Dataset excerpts
┄┄┄┄┄┄

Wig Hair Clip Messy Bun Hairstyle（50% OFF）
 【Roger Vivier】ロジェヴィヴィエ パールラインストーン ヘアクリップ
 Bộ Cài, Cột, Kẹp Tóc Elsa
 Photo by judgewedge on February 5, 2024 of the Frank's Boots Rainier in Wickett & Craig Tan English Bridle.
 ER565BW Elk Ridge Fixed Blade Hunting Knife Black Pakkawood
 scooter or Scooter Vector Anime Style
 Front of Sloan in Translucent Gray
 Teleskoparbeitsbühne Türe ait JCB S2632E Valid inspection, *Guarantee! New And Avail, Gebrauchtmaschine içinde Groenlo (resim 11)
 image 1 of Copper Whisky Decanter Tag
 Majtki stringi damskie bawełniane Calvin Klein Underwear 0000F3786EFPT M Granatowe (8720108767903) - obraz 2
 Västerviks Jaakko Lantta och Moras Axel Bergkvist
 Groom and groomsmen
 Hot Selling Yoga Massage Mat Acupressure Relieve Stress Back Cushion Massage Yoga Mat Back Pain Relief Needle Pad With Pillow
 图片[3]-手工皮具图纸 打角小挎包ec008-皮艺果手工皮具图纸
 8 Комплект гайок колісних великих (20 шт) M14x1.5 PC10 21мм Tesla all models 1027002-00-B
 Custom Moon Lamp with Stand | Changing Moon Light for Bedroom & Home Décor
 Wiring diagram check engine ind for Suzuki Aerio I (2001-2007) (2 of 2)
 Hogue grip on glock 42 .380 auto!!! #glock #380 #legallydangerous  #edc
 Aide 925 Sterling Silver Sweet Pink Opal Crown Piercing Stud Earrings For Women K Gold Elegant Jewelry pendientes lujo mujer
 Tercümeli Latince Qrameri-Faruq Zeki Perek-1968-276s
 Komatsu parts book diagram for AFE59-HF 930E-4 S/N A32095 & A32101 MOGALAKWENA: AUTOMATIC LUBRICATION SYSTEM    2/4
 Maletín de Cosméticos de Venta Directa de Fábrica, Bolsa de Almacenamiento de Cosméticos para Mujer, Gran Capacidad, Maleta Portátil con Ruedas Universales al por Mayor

┄┄┄┄┄┄

• Exercise directions: Copy down every line of the entries containing the word "diagram".

• Completed task:
 Wiring diagram check engine ind for Suzuki Aerio I (2001-2007) (2 of 2)
 Komatsu parts book diagram for AFE59-HF 930E-4 S/N A32095 & A32101 MOGALAKWENA: AUTOMATIC LUBRICATION SYSTEM    2/4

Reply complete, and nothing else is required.